Crawled caption data
════
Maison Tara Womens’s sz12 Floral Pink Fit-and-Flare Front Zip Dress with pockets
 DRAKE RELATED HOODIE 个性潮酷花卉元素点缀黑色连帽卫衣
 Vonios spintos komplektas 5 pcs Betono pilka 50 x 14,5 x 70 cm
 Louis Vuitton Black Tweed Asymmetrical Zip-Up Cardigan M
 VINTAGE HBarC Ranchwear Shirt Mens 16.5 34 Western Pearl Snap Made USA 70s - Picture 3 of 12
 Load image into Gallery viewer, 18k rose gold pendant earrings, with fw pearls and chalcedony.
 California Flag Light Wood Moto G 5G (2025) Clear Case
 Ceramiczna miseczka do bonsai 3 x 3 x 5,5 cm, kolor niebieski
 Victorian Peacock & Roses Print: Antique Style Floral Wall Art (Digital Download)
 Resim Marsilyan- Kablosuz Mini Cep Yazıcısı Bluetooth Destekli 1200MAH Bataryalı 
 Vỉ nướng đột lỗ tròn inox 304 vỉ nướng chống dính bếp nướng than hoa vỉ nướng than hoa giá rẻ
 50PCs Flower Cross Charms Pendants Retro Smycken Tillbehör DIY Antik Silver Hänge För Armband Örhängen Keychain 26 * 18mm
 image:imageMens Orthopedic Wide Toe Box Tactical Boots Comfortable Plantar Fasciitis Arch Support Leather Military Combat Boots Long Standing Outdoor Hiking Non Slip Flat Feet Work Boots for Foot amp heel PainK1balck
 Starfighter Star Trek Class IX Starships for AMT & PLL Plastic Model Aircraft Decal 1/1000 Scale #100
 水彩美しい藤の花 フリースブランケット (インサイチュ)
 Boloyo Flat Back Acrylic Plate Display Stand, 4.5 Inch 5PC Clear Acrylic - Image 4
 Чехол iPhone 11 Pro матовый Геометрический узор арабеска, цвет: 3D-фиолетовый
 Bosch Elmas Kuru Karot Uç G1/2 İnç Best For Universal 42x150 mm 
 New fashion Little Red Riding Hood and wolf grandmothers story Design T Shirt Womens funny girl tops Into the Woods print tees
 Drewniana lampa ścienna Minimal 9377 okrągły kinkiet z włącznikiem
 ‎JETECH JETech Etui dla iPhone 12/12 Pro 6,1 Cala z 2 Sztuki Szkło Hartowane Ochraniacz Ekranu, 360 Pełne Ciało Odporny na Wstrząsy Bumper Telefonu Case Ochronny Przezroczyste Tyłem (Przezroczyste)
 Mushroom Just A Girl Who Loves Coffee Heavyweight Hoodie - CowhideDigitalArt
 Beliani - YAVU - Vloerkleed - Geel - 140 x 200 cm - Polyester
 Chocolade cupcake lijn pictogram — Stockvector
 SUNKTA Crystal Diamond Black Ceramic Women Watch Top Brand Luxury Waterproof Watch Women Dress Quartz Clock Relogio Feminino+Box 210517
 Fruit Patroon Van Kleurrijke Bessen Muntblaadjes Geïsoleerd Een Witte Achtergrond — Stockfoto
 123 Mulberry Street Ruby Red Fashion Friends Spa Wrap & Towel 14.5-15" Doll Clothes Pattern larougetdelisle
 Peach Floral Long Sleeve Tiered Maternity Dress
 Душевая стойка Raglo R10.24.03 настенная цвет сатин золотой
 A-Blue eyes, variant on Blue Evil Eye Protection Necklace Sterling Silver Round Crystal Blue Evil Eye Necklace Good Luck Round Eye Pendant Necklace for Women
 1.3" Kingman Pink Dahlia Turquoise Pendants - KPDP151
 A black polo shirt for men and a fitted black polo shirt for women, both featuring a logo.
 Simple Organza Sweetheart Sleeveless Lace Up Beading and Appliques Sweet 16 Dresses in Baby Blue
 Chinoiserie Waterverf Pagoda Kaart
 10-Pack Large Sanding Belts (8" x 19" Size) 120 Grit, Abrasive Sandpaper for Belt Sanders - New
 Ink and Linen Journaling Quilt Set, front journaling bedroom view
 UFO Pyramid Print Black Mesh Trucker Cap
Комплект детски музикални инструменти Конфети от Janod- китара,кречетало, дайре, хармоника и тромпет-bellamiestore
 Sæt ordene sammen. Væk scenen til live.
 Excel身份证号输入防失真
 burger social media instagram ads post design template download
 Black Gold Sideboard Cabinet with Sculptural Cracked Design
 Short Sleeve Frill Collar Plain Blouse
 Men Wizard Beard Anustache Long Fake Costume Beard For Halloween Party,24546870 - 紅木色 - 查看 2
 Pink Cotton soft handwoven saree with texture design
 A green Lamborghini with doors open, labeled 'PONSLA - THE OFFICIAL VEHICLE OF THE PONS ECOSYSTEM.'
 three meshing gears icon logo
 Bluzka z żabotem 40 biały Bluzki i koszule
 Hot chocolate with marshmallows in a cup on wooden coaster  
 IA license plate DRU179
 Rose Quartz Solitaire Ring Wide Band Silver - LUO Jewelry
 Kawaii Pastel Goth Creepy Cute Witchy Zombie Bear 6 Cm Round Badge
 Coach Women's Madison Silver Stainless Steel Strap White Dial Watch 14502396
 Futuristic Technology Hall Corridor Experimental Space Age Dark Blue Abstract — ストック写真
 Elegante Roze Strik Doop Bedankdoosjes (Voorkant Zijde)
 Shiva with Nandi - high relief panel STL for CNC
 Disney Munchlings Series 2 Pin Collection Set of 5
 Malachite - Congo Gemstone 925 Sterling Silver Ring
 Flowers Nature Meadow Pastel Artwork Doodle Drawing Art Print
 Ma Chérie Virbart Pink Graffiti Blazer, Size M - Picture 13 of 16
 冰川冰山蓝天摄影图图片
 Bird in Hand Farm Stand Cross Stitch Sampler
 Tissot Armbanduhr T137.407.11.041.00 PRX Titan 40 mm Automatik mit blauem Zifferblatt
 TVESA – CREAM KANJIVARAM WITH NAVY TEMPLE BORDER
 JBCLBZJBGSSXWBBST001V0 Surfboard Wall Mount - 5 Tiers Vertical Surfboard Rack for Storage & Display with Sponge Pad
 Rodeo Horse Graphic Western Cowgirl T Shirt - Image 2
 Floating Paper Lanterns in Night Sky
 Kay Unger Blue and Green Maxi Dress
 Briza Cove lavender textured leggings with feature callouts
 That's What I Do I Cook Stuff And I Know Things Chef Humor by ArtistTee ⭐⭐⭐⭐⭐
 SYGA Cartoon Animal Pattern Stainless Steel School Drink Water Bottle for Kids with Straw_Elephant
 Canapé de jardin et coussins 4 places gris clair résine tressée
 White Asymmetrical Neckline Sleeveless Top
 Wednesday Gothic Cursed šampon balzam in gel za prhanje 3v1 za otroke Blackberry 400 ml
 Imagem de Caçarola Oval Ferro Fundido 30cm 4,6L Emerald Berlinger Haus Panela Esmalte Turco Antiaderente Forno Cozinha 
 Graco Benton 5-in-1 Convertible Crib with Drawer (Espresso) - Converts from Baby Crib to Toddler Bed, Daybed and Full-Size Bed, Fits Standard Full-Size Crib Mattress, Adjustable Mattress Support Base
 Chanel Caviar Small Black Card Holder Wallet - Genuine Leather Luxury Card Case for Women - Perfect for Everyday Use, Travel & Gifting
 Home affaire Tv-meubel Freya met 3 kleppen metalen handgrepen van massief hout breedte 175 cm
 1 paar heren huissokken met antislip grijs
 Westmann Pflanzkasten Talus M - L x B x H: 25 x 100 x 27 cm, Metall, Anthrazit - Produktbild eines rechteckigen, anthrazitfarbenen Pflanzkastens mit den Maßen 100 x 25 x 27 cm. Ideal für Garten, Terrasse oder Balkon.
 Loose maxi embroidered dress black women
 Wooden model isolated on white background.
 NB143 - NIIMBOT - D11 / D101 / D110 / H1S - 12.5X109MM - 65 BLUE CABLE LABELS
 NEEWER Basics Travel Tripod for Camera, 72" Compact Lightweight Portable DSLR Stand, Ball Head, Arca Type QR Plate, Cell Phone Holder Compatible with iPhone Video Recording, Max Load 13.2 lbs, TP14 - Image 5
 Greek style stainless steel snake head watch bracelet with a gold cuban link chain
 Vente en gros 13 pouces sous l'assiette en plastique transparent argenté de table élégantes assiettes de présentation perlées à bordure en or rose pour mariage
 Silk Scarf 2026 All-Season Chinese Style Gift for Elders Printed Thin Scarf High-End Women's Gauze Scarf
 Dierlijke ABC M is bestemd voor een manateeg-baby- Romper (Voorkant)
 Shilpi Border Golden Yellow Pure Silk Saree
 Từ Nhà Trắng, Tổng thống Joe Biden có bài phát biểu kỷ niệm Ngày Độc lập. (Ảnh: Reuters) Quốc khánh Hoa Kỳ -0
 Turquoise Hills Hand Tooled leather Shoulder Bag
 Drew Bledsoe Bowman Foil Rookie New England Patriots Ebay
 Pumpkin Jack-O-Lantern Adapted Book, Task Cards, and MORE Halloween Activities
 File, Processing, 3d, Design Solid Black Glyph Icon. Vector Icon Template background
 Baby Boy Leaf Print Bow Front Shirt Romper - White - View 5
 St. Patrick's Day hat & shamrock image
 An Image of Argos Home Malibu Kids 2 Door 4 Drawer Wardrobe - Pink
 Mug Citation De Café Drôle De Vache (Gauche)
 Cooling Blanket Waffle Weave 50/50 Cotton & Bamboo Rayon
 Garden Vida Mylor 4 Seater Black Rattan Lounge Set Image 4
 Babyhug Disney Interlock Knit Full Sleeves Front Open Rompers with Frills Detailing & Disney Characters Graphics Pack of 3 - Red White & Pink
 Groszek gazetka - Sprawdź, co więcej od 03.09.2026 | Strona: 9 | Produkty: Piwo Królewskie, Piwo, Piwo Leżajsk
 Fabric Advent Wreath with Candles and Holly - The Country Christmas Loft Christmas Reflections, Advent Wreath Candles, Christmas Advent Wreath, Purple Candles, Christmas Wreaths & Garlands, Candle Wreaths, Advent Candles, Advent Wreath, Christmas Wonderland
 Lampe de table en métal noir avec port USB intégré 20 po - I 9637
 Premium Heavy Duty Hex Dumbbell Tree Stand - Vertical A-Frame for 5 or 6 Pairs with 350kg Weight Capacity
════
Using only the entries above, output the line with "Flowers Nature Meadow", the line with "Rodeo Horse Graphic", and all lines between them, exactly as they stand.

**Your response:**
 Flowers Nature Meadow Pastel Artwork Doodle Drawing Art Print
 Ma Chérie Virbart Pink Graffiti Blazer, Size M - Picture 13 of 16
 冰川冰山蓝天摄影图图片
 Bird in Hand Farm Stand Cross Stitch Sampler
 Tissot Armbanduhr T137.407.11.041.00 PRX Titan 40 mm Automatik mit blauem Zifferblatt
 TVESA – CREAM KANJIVARAM WITH NAVY TEMPLE BORDER
 JBCLBZJBGSSXWBBST001V0 Surfboard Wall Mount - 5 Tiers Vertical Surfboard Rack for Storage & Display with Sponge Pad
 Rodeo Horse Graphic Western Cowgirl T Shirt - Image 2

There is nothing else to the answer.